Qu’est-ce que la lutherie ?

Bien que courte et étroite, la Rue des Foxes abrite des gens et des lieux qui me fascinent. N°1, une maison blanche avec des boiseries gris perle. Au rez-de-chaussée, un atelier.

A travers la fenêtre, je vois de nombreux outils, divers violons, un établi devant lequel Antoni Jassogne, artisan luthier travaille. Je sonne. Il se lève et souriant me laisse entrer dans sa tanière où je suis pris par une odeur d’essence et de résine d’arbre.

À ma question : « Qu’est-ce qu’un violoniste ? », sa voix à peine perceptible mais précise, me met en phase avec la tranquillité qui règne dans son espace de travail : « Un luthier est l’artisan qui construit et restaure des instruments à cordes tels que violon, alto, violoncelle, contrebasse ».

Musicien et artisan

En plus de la musique qu’il a étudiée au Conservatoire Royal de Musique de Mons où il a été premier prix dans Avant de commencer les cours de contrebasse, Antoni Jassogne a une autre passion, la menuiserie. Un jour, originaire de Bruges, qui a passé une grande partie de sa vie à Charleroi, il a voyagé dans le sud de la Pologne, pays de ses ascendants maternels. À Zakopane, il a appris la technique de construction du maître luthier Franciszek Mardula. Il poursuit son apprentissage auprès de Jean-Frédéric Schmitt, célèbre luthier lyonnais et grand maître de la restauration des instruments à cordes. De retour en Belgique, il installe son atelier sur la Place du Sablon avant de l’établir en 1992 au n°21 rue des Renards.

Élaboration d’un instrument

« Le point de départ d’un instrument vient du reflet du luthier », explique-t-il. C’est à partir de la règle du nombre d’or qu’il conçoit chacune de ses créations. Principe trouvé dans les dimensions de la pyramide de Khéops construite en Egypte a plus de 4.500 ans, dans les colonnes doriques du Parthénon érigées en Grèce entre -447 et -438, dans les cathédrales gothiques des grandes villes européennes au Moyen Age et dans de nombreuses œuvres de la Renaissance (il a alors été appelé « proportion divine »).

Appliquant ce nombre irrationnel, représenté par la lettre grecque phi, de la pointe du crayon, sur papier à dessin, il trace des lignes droites et des courbes qui se suivent, se croisent pour démarrer le plan d’un plan propre qu’il fixe avec la boussole et le carré pour créer un rapport de proportion qui il considère comme particulièrement esthétique. De ce croquis, les formes arrondies de la volute située à l’extrémité du cou, la table d’harmonie, la partie de l’instrument qui amplifie les sons et les branchies, les trous symétriques qui permettent les oscillations de la table.

Fabrication

Par son oreille absolue, il écoute les instruments sans diapason ; par ses mains, la table d’harmonie, le rouleau, les chevilles, le bouton, le cou, le cordier, le chevalet, la touche émerge de blocs d’épicéa, de palissandre, d’érable, d’ébène, dont il choisit avec soin l’origine et l’âge. Avec méthode et compétence, il recueille les différents éléments ( /- 80) par les attacher à la colle chaude avant de couvrir l’instrument avec 5 ou 6 couches de vernis, qu’il prépare avec des résines naturelles et des huiles essentielles. D’un morceau d’épinette, il devra façonner « l’âme », un petit tronçon en bois qui amplifiera le son. Il le positionnera à l’intérieur de l’instrument à l’aide de la « pointe aux âmes », en présence de l’acheteur s’il s’agit d’une restauration.

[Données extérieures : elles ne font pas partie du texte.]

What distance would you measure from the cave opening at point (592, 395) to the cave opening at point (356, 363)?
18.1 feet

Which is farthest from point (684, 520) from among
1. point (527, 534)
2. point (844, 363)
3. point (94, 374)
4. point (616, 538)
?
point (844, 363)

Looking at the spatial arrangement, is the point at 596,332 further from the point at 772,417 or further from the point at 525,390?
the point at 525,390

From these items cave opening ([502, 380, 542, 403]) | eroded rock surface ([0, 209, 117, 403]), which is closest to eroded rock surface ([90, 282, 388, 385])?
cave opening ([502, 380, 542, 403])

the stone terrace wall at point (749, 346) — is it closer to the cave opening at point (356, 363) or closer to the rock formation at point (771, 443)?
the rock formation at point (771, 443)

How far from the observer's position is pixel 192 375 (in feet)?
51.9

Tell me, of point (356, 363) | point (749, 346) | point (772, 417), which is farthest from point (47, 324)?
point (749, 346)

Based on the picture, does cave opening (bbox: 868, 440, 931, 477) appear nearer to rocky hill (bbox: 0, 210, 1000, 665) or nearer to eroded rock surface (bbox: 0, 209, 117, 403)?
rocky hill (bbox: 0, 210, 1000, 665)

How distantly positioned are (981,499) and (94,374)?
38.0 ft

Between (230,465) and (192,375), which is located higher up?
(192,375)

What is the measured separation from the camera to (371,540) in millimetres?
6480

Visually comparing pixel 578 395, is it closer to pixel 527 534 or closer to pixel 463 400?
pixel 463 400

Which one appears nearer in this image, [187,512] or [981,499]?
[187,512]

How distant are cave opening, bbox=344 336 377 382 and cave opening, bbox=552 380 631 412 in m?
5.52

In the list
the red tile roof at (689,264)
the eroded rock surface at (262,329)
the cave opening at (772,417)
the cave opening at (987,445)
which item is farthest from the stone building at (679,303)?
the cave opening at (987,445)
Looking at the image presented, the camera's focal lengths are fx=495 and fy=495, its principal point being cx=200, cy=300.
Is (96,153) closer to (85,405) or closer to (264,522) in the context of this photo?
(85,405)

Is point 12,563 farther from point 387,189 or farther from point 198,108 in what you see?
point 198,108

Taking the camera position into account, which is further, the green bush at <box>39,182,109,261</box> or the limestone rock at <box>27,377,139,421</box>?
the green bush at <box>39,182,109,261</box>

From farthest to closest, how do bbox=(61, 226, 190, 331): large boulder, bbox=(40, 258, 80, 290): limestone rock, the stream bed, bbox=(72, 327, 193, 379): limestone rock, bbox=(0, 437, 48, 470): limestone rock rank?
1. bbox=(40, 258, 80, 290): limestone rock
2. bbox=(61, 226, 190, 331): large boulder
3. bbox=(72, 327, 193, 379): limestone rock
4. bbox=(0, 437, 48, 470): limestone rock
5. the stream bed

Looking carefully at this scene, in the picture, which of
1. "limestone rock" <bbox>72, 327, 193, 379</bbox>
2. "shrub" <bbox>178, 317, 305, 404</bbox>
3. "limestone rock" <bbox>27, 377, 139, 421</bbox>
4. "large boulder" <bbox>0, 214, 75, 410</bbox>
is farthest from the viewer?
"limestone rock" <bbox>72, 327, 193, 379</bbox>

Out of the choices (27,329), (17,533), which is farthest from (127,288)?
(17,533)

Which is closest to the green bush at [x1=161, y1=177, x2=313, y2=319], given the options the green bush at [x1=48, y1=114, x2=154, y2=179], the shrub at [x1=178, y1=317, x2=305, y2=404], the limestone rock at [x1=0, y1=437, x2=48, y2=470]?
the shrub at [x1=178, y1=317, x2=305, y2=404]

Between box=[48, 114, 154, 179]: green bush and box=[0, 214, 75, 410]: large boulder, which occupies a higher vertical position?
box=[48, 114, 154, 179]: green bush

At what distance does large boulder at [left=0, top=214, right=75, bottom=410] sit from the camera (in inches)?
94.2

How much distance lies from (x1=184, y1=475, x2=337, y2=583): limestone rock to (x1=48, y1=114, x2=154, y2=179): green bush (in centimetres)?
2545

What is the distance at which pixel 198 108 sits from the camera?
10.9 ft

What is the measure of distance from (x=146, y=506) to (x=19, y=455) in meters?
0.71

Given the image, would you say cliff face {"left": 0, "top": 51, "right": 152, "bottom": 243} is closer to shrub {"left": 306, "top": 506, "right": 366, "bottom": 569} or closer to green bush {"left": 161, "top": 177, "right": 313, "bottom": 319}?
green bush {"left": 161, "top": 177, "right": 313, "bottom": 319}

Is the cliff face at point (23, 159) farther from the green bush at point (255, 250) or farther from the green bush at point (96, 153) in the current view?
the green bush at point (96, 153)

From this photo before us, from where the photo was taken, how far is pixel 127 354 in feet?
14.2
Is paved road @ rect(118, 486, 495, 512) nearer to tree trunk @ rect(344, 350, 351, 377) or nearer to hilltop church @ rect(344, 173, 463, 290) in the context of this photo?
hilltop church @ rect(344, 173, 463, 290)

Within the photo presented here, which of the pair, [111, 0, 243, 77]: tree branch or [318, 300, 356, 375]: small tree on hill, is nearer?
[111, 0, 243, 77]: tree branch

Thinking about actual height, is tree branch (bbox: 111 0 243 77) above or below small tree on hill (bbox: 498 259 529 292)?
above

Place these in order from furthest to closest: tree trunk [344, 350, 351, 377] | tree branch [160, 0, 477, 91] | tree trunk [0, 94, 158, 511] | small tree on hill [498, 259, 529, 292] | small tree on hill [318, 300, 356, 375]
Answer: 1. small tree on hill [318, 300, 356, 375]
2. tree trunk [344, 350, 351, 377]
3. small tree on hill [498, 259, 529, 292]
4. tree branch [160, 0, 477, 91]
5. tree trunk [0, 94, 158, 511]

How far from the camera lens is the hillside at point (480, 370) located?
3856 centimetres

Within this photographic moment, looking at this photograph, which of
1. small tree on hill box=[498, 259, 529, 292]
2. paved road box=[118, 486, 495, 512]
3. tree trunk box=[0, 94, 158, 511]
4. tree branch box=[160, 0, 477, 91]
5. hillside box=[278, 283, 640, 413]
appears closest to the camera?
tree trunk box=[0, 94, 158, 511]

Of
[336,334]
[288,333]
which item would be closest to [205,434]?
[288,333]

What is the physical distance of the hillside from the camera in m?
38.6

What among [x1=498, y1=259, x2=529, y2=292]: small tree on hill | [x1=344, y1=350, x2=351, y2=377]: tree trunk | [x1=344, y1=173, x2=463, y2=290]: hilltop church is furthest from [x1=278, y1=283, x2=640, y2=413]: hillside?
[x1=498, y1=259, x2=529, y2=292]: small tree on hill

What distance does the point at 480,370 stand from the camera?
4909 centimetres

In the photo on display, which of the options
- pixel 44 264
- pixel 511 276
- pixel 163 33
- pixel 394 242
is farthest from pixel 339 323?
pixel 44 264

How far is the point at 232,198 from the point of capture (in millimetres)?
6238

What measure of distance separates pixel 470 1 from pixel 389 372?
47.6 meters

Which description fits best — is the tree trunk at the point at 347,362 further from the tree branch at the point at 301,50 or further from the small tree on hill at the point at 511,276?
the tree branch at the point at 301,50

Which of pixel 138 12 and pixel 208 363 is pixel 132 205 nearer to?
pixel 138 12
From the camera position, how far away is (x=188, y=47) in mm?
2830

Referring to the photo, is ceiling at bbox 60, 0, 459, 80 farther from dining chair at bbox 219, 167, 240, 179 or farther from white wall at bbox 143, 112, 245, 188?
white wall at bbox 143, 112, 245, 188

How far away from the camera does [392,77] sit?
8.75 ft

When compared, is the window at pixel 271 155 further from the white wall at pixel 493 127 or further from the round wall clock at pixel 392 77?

Restaurateur, il suit le chemin de ses créations comme d’autres ; pendant 10 ans, il s’occupe d’un Guarnerius Del Gesu de 1744, appartenant à Arthur Grumiaux, violoniste belge de renommée internationale (1921-1986).

Je laisse Antoni Jassogne heureux d’avoir rencontré un être sensible, particulièrement doué qui, malgré ses connaissances et savoir-faire reconnus par ses pairs, réfute le titre de « Maître » qu’il trouve couvert et choisit celui d’ « Artisan ».